▶ _GOAL OF THE EXERCISE_: In the listing below, find the line with "南昌人口2020_南昌常驻人口(2)", then repeat exactly every line from the top through that one.

──────────

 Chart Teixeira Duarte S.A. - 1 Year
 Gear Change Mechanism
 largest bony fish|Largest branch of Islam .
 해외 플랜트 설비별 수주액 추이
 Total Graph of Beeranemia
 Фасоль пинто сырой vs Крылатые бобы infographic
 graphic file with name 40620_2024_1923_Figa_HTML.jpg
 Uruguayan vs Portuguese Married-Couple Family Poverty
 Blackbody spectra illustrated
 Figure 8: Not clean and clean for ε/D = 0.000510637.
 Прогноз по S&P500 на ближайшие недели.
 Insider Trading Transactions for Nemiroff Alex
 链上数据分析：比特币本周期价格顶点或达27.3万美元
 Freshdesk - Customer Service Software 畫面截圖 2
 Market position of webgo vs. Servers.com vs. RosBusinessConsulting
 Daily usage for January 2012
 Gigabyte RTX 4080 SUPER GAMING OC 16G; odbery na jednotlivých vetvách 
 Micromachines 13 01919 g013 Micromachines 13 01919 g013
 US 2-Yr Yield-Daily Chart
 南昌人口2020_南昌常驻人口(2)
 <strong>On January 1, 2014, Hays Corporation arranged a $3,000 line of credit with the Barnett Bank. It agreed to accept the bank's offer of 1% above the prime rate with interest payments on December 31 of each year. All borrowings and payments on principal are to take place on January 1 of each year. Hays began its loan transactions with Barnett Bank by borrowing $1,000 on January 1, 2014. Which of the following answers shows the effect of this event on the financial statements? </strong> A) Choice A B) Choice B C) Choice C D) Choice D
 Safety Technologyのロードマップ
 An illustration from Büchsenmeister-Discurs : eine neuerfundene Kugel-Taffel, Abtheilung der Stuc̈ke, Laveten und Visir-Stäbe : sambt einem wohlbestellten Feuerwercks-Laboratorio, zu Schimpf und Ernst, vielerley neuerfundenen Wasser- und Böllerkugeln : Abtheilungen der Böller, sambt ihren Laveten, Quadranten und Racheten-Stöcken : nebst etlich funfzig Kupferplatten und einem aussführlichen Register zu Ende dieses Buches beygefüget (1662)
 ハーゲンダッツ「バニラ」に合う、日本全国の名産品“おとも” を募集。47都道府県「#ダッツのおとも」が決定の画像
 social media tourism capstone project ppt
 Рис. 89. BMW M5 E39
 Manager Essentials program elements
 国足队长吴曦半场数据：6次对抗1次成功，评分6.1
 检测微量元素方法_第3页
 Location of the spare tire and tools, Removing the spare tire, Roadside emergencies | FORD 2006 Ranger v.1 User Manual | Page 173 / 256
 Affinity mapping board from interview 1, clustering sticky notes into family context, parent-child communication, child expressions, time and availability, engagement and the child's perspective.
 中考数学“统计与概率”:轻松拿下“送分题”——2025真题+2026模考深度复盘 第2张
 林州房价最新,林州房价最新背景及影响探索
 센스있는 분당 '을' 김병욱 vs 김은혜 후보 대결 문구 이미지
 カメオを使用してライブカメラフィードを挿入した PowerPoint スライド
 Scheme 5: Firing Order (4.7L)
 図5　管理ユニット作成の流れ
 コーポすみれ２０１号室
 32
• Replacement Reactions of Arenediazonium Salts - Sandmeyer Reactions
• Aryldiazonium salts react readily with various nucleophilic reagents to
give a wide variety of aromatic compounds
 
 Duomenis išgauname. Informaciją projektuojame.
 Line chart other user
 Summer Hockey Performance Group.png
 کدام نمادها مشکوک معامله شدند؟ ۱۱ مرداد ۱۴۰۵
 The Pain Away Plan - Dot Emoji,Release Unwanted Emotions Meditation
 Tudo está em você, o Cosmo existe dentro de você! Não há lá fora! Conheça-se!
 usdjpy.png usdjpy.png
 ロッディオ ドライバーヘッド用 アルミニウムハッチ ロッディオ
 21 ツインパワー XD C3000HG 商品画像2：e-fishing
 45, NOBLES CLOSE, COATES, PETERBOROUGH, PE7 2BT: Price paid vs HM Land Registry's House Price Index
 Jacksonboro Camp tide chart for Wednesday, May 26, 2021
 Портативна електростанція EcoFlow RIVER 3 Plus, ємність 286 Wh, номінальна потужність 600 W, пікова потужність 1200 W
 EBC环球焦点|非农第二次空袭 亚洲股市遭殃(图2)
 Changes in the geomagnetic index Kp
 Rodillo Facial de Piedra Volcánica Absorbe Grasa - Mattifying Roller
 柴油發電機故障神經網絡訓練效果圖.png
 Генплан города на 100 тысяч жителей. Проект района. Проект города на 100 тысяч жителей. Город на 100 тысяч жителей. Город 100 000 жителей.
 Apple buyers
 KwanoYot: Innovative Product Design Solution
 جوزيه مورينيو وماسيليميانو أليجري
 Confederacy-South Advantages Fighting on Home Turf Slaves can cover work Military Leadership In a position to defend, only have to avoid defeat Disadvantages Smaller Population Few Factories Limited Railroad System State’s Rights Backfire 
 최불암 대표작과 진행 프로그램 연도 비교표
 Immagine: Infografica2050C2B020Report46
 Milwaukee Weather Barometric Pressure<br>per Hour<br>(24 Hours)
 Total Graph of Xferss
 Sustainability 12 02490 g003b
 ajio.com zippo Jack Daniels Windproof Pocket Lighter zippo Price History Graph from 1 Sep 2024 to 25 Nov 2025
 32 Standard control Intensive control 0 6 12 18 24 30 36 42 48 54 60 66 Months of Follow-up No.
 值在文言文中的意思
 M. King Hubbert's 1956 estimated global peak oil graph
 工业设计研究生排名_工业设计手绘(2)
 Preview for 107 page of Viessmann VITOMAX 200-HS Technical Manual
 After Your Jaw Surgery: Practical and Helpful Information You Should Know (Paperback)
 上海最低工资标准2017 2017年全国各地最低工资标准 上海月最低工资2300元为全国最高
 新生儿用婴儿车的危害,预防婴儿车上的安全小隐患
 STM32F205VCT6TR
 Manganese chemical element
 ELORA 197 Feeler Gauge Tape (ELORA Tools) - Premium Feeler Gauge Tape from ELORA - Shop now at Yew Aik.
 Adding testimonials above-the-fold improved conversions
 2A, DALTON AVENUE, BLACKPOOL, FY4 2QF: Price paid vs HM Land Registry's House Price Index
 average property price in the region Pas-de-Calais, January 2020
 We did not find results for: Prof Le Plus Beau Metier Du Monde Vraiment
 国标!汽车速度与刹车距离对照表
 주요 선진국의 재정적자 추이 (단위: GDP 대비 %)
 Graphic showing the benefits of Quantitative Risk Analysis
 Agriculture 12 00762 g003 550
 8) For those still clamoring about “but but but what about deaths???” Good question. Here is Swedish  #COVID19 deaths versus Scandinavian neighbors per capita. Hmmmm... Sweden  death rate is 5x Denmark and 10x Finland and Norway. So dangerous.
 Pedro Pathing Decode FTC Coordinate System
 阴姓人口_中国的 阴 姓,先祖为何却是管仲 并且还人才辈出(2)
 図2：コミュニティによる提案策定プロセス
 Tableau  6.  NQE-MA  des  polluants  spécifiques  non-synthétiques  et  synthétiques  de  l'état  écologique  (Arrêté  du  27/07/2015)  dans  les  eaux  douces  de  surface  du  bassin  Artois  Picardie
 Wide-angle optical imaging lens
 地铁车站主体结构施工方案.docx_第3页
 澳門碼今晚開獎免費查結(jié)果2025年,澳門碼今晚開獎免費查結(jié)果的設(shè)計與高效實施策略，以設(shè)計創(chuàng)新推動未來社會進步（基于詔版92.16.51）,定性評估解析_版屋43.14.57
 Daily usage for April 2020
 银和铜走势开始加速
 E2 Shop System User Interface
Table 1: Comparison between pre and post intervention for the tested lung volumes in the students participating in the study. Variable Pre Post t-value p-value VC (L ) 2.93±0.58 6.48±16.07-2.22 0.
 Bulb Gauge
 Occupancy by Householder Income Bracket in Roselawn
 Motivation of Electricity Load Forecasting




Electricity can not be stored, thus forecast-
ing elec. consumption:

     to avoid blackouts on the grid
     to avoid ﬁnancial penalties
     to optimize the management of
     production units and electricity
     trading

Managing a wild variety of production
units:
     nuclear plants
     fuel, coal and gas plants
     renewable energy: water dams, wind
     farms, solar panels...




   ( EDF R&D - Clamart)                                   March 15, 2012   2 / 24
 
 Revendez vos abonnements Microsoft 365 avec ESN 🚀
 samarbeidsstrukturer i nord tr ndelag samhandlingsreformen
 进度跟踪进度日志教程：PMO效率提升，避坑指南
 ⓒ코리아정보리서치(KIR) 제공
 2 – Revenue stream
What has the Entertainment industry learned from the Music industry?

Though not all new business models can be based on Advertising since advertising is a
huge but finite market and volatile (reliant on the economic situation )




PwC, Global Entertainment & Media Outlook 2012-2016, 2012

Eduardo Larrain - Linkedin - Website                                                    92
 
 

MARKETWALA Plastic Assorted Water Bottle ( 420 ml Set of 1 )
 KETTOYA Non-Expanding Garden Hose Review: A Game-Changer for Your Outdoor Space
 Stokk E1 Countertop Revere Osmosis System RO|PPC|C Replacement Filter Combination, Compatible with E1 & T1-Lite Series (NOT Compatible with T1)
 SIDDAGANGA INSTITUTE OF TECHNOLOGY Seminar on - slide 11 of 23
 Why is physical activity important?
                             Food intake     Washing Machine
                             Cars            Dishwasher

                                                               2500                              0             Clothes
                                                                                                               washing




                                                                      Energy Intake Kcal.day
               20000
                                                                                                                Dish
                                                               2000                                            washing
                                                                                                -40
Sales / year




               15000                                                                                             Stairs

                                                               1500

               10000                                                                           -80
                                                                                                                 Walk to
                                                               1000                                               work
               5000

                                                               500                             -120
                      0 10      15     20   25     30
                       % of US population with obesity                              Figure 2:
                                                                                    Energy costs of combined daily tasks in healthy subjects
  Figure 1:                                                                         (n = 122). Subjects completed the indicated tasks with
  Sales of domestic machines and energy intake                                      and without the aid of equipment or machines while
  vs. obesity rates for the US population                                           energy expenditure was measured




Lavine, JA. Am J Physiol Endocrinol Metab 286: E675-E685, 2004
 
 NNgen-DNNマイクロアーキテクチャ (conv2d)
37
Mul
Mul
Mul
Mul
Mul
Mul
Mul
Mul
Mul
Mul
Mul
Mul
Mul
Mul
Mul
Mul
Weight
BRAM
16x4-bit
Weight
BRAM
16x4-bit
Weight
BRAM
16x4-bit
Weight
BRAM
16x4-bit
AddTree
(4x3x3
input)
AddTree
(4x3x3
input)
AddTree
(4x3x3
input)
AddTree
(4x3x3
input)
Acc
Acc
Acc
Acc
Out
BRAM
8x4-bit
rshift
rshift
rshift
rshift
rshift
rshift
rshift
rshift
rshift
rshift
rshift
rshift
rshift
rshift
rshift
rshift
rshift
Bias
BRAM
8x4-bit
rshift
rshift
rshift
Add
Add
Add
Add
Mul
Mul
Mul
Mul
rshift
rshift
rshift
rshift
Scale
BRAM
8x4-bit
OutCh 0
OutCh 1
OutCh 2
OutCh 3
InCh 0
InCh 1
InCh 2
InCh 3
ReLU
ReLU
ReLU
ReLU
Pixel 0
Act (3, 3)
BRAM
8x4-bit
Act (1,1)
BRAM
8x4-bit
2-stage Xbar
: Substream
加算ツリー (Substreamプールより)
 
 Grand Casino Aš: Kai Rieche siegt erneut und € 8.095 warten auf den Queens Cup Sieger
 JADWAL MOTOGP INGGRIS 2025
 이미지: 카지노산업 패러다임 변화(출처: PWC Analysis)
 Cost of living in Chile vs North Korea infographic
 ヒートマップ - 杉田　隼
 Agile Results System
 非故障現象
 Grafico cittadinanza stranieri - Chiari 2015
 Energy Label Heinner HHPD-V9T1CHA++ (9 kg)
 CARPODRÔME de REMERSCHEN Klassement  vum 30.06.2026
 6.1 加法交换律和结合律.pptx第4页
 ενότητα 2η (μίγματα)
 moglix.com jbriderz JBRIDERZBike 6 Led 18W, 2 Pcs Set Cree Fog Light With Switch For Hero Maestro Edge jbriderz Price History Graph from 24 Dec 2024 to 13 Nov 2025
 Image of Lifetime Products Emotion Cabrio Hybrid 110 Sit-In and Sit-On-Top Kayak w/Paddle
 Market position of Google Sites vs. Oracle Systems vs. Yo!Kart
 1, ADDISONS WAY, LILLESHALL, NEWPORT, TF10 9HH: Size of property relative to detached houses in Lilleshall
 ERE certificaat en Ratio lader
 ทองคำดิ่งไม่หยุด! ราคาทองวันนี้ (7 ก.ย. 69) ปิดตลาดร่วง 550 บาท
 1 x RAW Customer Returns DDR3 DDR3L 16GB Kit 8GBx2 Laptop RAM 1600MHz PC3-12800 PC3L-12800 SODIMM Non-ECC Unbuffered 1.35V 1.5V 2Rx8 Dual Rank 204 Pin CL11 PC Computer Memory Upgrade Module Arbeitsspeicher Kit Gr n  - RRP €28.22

──────────

▶ _WRITTEN ANSWER_:
 Chart Teixeira Duarte S.A. - 1 Year
 Gear Change Mechanism
 largest bony fish|Largest branch of Islam .
 해외 플랜트 설비별 수주액 추이
 Total Graph of Beeranemia
 Фасоль пинто сырой vs Крылатые бобы infographic
 graphic file with name 40620_2024_1923_Figa_HTML.jpg
 Uruguayan vs Portuguese Married-Couple Family Poverty
 Blackbody spectra illustrated
 Figure 8: Not clean and clean for ε/D = 0.000510637.
 Прогноз по S&P500 на ближайшие недели.
 Insider Trading Transactions for Nemiroff Alex
 链上数据分析：比特币本周期价格顶点或达27.3万美元
 Freshdesk - Customer Service Software 畫面截圖 2
 Market position of webgo vs. Servers.com vs. RosBusinessConsulting
 Daily usage for January 2012
 Gigabyte RTX 4080 SUPER GAMING OC 16G; odbery na jednotlivých vetvách 
 Micromachines 13 01919 g013 Micromachines 13 01919 g013
 US 2-Yr Yield-Daily Chart
 南昌人口2020_南昌常驻人口(2)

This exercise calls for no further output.